Il disorientamento gestaltico trova un alleato imprescindibile nelle parole valigia. Le parole – nel pulviscolo motorio – hanno perso ogni aderenza alla realtà, il loro significato è mosso da una sterile polisemia che disorienta ed annichilisce il significato reale. Parlare, argomentare, diventa inutile poiché ciò che è detto significa sempre altro. L’inautentico separa, avvilisce le energie creative. Società schizoide che spinge verso patologie mentali con i suoi terribili e perenni messaggi contradditori. Lewis Carroll in Attraverso lo specchio descrive le parole doppie, contratte, per cui significano parzialmente e vagamente qualcosa da un corno e altro dall’altro corno. È un mondo doppio in cui il vero ed il falso si confrontano senza la possibilità di accertare con sicurezza la verità. Platonismo del falso. Le parole hanno perso il mondo e con esso la verità. Significano quello che vogliono:

«Quest’ultimo verso è troppo lungo per una poesia; – ella aggiunse, quasi ad alta voce, dimenticando che Unto Dunto [Humpty Dumpty] la sentiva. – Non chiacchierare così sola, – le disse Unto Dunto, guardandola per la prima volta, – ma dimmi come ti chiami e che fai. – Mi chiamo Alice, ma… – Hai un nome molto sciocco! – la interruppe con impazienza Unto Dunto. – Che cosa significa? – Forse che un nome deve significare qualche cosa? – domandò Alice dubbiosa. – Altro che! – disse Unto Dunto con una breve risata: Il mio nome significa la forma che ho io … fra parentesi una forma graziosa e bella. Con un nome come il tuo si può avere qualunque forma o quasi». [2]

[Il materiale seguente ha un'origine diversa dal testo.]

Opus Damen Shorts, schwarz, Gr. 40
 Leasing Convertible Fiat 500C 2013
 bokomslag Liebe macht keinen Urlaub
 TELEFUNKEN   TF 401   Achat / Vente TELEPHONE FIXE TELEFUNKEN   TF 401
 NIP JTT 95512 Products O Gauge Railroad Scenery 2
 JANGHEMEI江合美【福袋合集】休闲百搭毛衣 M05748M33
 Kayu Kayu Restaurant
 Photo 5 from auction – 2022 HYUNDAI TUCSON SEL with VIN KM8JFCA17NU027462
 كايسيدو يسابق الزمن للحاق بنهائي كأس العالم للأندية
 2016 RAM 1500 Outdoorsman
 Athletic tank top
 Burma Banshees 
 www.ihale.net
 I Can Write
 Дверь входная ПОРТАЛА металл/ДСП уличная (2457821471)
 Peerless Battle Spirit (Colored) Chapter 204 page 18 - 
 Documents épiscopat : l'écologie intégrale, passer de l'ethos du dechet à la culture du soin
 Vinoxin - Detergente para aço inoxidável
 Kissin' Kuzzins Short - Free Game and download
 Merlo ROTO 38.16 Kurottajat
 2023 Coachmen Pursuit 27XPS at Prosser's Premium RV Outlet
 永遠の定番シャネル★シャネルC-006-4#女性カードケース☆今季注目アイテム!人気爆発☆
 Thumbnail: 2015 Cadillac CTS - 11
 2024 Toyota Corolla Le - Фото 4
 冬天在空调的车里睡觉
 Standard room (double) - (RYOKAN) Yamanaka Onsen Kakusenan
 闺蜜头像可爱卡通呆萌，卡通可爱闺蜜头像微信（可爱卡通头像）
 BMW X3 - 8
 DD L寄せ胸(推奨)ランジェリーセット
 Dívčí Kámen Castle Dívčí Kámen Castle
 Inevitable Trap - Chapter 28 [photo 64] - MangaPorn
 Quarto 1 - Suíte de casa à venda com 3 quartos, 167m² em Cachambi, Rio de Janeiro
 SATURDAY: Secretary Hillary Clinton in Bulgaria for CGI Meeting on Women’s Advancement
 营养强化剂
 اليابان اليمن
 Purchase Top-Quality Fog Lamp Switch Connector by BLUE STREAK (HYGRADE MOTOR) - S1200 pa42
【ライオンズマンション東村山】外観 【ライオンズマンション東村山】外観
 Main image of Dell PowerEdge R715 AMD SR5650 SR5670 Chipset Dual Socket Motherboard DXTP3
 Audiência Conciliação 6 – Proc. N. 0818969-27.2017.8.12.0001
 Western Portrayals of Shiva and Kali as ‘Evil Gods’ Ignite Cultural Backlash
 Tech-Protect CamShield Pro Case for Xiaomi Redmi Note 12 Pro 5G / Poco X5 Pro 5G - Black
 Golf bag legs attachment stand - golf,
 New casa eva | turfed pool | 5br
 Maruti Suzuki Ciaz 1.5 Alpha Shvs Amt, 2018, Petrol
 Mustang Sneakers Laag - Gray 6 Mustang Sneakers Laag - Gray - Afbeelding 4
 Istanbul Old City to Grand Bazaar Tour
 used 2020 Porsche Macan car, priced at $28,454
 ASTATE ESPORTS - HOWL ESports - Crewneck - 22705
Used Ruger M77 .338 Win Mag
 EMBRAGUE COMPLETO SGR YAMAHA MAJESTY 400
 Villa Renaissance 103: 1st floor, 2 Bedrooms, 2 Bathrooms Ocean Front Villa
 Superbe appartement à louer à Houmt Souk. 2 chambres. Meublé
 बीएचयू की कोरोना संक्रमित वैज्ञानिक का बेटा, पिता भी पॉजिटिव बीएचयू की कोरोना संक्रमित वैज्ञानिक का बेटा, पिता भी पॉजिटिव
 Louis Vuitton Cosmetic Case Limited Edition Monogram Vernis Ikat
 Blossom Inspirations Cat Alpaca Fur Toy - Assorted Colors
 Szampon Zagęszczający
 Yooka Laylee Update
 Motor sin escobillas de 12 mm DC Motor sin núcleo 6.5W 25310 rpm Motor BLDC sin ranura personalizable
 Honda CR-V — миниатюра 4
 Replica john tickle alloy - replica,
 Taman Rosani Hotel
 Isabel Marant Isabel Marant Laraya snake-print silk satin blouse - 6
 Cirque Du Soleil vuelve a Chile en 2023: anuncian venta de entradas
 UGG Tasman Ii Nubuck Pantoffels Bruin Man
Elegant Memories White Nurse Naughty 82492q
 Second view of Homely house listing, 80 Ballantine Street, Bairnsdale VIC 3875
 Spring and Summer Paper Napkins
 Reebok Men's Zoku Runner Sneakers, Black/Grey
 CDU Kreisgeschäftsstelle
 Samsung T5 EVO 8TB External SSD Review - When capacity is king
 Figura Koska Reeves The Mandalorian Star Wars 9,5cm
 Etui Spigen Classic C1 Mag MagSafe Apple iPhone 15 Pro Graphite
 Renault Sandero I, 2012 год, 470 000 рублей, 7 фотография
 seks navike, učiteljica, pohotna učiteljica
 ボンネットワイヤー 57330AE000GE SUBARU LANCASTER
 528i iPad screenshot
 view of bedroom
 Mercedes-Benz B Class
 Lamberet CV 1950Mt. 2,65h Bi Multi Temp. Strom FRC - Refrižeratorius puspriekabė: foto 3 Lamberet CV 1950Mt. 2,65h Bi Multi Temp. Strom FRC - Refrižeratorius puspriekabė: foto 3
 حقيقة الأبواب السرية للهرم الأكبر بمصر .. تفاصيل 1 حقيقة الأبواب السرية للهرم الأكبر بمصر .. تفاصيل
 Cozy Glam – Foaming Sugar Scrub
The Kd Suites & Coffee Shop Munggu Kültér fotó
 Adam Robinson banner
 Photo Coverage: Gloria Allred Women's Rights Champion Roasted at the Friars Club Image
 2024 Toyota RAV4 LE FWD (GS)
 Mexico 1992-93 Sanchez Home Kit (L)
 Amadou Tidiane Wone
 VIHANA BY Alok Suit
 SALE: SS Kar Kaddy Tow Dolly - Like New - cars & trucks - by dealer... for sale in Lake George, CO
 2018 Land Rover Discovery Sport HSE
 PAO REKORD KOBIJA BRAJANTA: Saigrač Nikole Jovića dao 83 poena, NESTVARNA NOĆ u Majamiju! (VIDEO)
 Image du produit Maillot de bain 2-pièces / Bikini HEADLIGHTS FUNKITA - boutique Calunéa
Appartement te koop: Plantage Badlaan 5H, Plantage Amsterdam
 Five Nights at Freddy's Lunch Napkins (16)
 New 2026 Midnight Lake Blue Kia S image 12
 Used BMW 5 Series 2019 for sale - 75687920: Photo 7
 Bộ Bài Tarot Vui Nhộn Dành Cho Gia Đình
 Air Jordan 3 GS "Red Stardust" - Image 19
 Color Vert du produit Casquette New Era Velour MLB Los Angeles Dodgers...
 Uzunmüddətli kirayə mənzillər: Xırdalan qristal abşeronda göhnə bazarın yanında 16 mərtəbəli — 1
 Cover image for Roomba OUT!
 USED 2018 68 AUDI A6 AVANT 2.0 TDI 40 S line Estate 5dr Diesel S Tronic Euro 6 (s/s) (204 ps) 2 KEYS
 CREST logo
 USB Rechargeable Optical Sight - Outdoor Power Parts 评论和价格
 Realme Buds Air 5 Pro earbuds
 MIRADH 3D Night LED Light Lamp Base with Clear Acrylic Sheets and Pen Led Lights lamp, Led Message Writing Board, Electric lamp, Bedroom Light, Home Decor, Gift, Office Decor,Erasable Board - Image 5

Si vive in un mondo in cui anche il vero è falso. Lo specchio è lo sdoppiamento, la divisione come fondamento del reale. Tutto può essere interpretato in mille modi, tutto è lecito e legittimato nel regno dell’irrilevanza. Il pensiero e l’essere si sono scissi, per cui la faglia irrompe nelle relazioni tra i soggetti, rendendo la comunicazione impossibile, delirio collettivo che, ritornando alla «gabbia d’acciaio», la vuole intrascendibile. Non vi è uscita senza i significanti che corrispondono al significato. La libertà ha come sostanza le parole ritrovate nel loro senso. Se le parole dicono altro rispetto al loro significato, ogni fiducia e razionalità decade. Le sbarre divengono mura, ma non si ha la rappresentazione delle mura, della prigione. Ogni comportamento teoretico è scoraggiato nella «gabbia d’acciaio», lo spettacolo – per andare perennemente in scena – deve restringere il campo della rappresentazione a puro rispecchiamento-adeguamento, senza speranza. Nella caverna di Platone (VII libro della Repubblica) la possibilità dell’uscita dalla caverna è garantita dalla struttura razionale del cosmo e dell’essere, la lingua conserva il senso profondo del fenomeno, mentre nella «gabbia d’acciaio» il politeismo etico, la cultura delle parole valigia rendono il soggetto debole, lo destrutturano in assenza di significati certi e razionali. Ci si lascia trascinare dal nichilismo passivo, si perde il senso di sé. Il proprio io come affermava Hume è un palcoscenico in cui avviene tutto ed il contrario di tutto. In tali condizioni la prassi è neutralizzata. Parola valigia è chiamare riforma del lavoro la controriforma, inclusione per omologazione, sviluppo per saccheggio del pianeta, lavoro flessibile per sfruttamento, alleanze per trasformismo… L’elenco è lungo e minaccioso, poiché come detto, destabilizza, indebolisce, deprime. La «gabbia d’acciaio» si cementifica con le parole valigia. L’esperienza storica attuale si trasforma così in ipostasi, in destino fatale e letale.
Dobbiamo dunque ridare significato alle parole per ridare dignità alle persone, per ritrovarci persone e non semplici replicanti di parole incomprensibili. Dobbiamo contrapporre alla confusione ideologica la chiarezza dei significati senza i quali ogni via di uscita ci è preclusa. Senza le parole non possiamo conoscere noi stessi. La maieutica è logos, pratica delle parole contro ogni sofistica.
Se le parole tacciono, se il loro significato è manipolato, con esse si perde il soggetto umano. Pensare è rappresentare ciò che non è percettivamente presente. Le parole valigia e lo spettacolo sempre in scena reificano il soggetto umano riducendolo a semplice funzione del gioco perverso della produzione.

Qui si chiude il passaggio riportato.